La démarche que le Gouvernement a choisie n'aurait pas de trop graves conséquences si nous n'avions pas changé d'époque. Ce qui pouvait se concevoir hier dans un contexte de relative stabilité financière, lorsque les marchés ne faisaient pas le tri entre les États européens et considéraient la zone euro comme une zone homogène, n'est plus envisageable aujourd'hui. Le manque de crédibilité de ce programme de stabilité ne renforcera pas la position de la France à un moment où elle doit chaque jour faire la preuve de sa capacité à bien gérer ses finances.

Se pose également la question de sa responsabilité politique au sein de l'Union. La France est avec l'Allemagne le moteur de l'Europe. Elle a souhaité qu'il y ait une meilleure coordination des politiques économiques et budgétaires. Comment expliquer qu'elle ne soit pas exemplaire dans son application ? Une fois de plus, on éprouve le désagréable sentiment qu'elle reste enfermée dans une forme de schizophrénie, refusant de s'appliquer à elle-même les principes qu'elle prône pour les autres ou qu'elle accepte, parfois à contrecoeur, il est vrai, au niveau européen.

Je n'ignore pas, en effet, que le semestre européen comme la redéfinition du pacte de stabilité ont fait l'objet d'intenses négociations avec nos partenaires européens, et en particulier avec l'Allemagne, mais la position qui consiste à accepter un compromis pour ne pas l'appliquer est la pire qui soit.

Si la trajectoire d'ajustement budgétaire demandée aux pays européens et à la France en particulier est trop contraignante, il ne fallait pas l'accepter. Il fallait refuser le « pacte euro-plus », qui confirme les objectifs d'assainissement budgétaire. Or le Gouvernement français s'est rallié à ces décisions, et il lui sera difficile de s'en abstraire.

Il est clair, cependant, que l'effort demandé aux pays européens peut paraître démesuré dès lors que ces mêmes pays ne se donnent pas les moyens de mener une politique de relance économique concertée.

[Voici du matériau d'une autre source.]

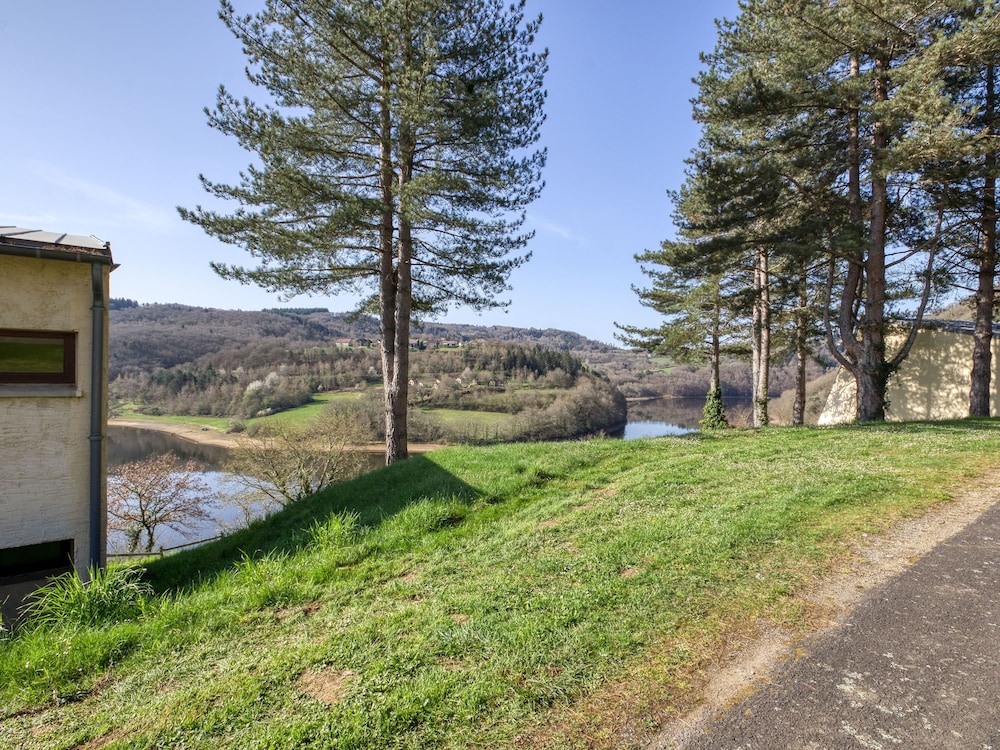 Residence Vacanceole Le Domaine de Confolant 43/62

Des propositions ont été faites en ce sens, notamment au Parlement européen. Je pense à celles qui figurent dans le rapport de Pervenche Béres : émissions d'euro-bonds, augmentation significative du budget européen.

Aucune de ces propositions, sans parler de celles qui visaient à alléger le poids de la dette pour les pays les plus fragilisés, n'a reçu un écho favorable. Dans ce contexte, le risque est bien celui de subir un ralentissement prolongé de l'activité économique en Europe. La discipline budgétaire généralisée, en l'absence de réelle stratégie de croissance, risque d'obérer durablement la reprise économique en Europe, et nous savons tous que la stratégie Europe 2020 n'est pas au niveau, à la fois dans les objectifs et dans les moyens d'application. Elle risque également d'accentuer encore la divergence des économies des États européens, contrairement aux objectifs affichés.

On comprend mieux, dès lors, votre réticence à appliquer une forme d'orthodoxie budgétaire mais, l'ayant acceptée sans contreparties, vous êtes contraints aujourd'hui de la subir.

Nul doute, qu'en 2012, il faudra que la France reprenne la discussion au niveau européen, d'autant plus qu'une autre menace plane sur la reprise en Europe, l'appréciation continue et inexorable de l'euro. Je n'insiste pas car j'arrive à la fin de mon temps de parole.